West Brandywine Township budget hearings will continue this week. There is no real estate tax increase or sewer fee increases, but there will be a $35.00 increase in the trash fee. The trash fee will rise from $225 to $260.According to Township Manager, Ron Rambo, the township has cut the proposed general fund budget 4% from $3,009,655 in 2008 to $2,889,915. Rambo has asked each of the departments for a "bare bones budget" for 2009. The board of supervisors has stated they began the budget process with the premise they would not raise taxes this year.

The township is having financial issues due to a required substantial increase in the police pension funding while simultaneously having a significant decrease in revenue. The state mandates municipalities fund any losses to the police pension fund due to losses in the market conditions. The police pension fund has defined benefits meaning the benefits are guaranteed. By the end of the year, the state requires a contribution to make up for any loss to that expected funding. Supervisor Carl Lindborg said, "No one could have predicted the change in the market over the past year."

In 2007, the township put $49,802 into the police pension fund. This year, the township will more than double its contribution of $102,249 going into the pension fund. In 2009, the police pension fund will need $32,574 more dollars to reach $134,574. In three years, the annual contribution has increased significantly.

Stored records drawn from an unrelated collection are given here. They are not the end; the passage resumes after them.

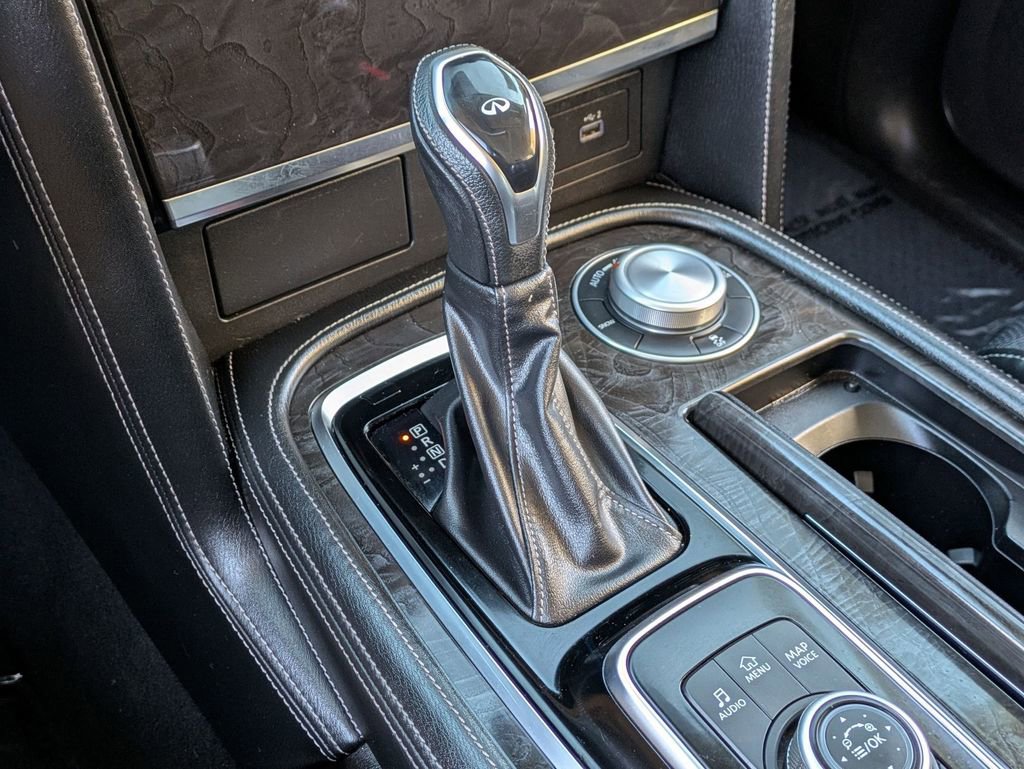 Used 2024 INFINITI QX80 Luxe image 18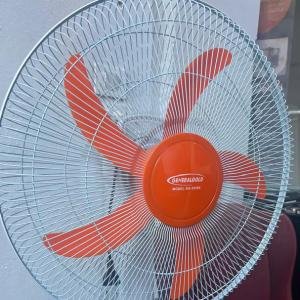 مرحة هوائية بطارية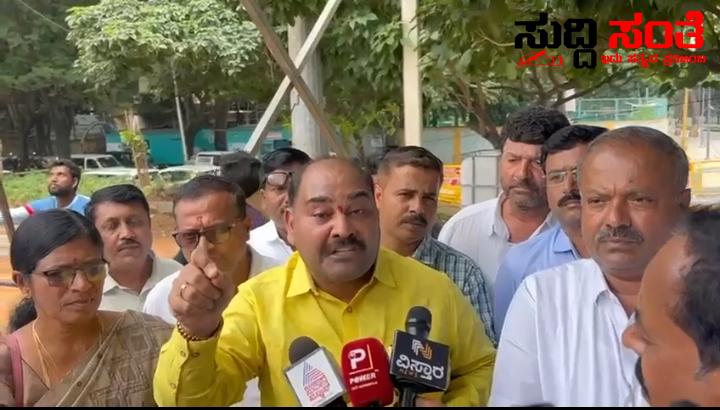 ಶಿಕ್ಷಕರ ಹೋರಾಟಕ್ಕೆ ಸಿದ್ದಗೊಂಡ ಬೆಂಗಳೂರು ಪ್ರೀಂಡ ಪಾರ್ಕ್ – ಯಾವುದಕ್ಕೂ ವಿಚಲಿತರಾಗದೇ ಹೋರಾಟದಲ್ಲಿ ಪಾಲ್ಗೊಳ್ಳುವಂತೆ ರಾಜ್ಯದ ಶಿಕ್ಷಕರಿಗೆ KSPSTA ಸಂಘಟನೆ ಕರೆ….. ಶಿಕ್ಷಕರ ಹೋರಾಟಕ್ಕೆ ಸಿದ್ದಗೊಂಡ ಬೆಂಗಳೂರು ಪ್ರೀಂಡ ಪಾರ್ಕ್ – ಯಾವುದಕ್ಕೂ ವಿಚಲಿತರಾಗದೇ ಹೋರಾಟದಲ್ಲಿ ಪಾಲ್ಗೊಳ್ಳುವಂತೆ ರಾಜ್ಯದ ಶಿಕ್ಷಕರಿಗೆ KSPSTA ಸಂಘಟನೆ ಕರೆ…..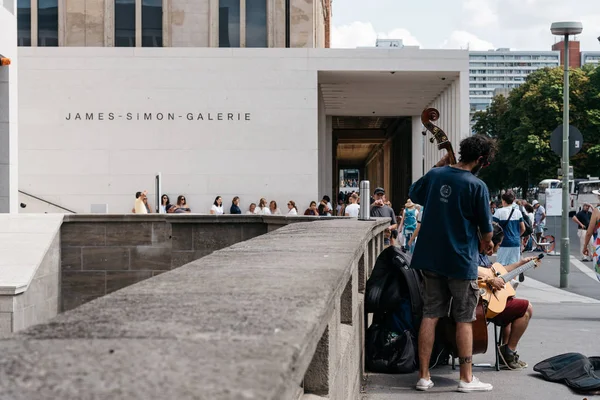 Buskers at James Simon Gallery in Berlin — Stok fotoğraf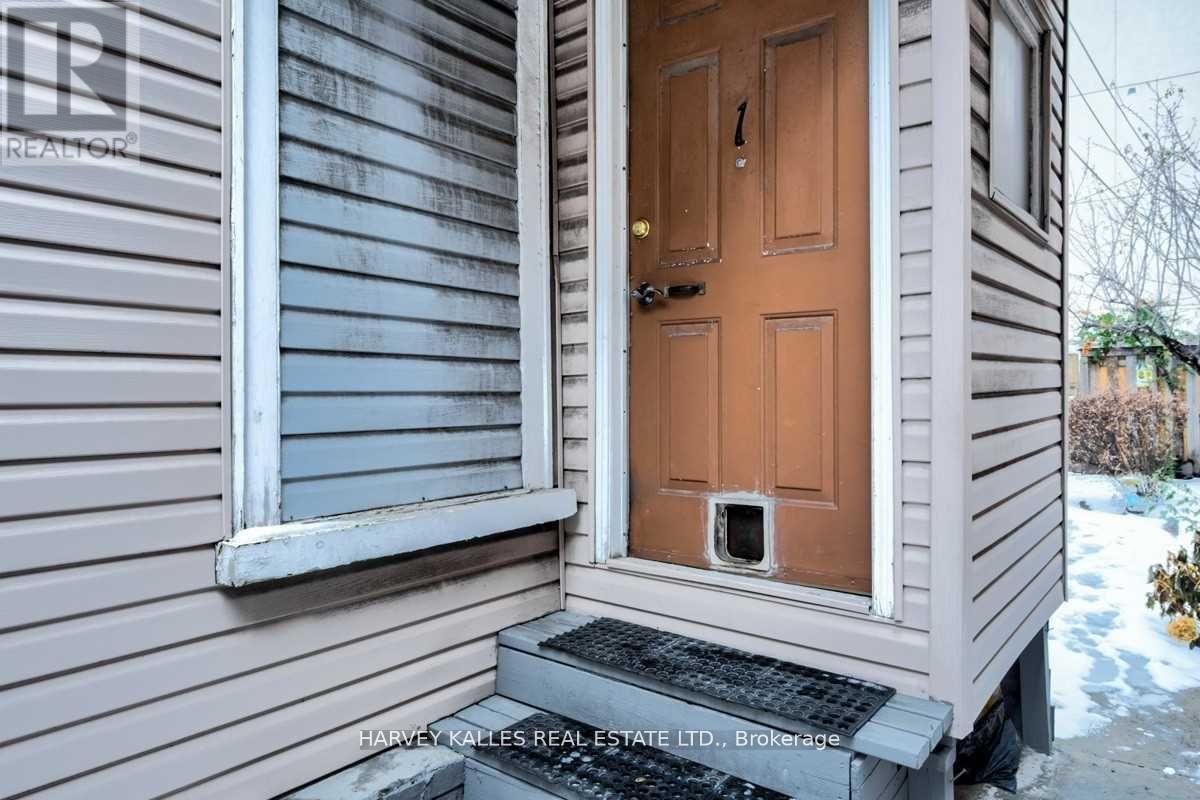 Listing photo of 2 - 1098 BATHURST STREET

Between 2008 and 2009, according to the budget, there will be $13,483 decrease real estate tax revenue in just one year. The real estate tax revenue will go from $459,329, to $445,838. Rambo believes this is due to residents asking for and the county granting appeals to housing value assessments. Those appeals have increased significantly over the past few years. This is not just happening in West Brandywine Township, but this year the county noted these appeals are affecting its budget too.

The township is also expecting to see significant decreases in the real estate transfer tax, building permit revenue, contractor's and plumber's license fees. According to the proposed budget, the township is expecting to see a $108,675 decrease in those revenue line items from last year. The Use and Occupancy permit fee revenue will be cut by more than 50% as it will decrease from $13,750 to $5,100 in just one year.

In order for the township to balance their budget with the significant decrease in anticipated revenue, the township will cut their budget. At this point, there will be no staff layoffs, but there will be significant changes to staffing.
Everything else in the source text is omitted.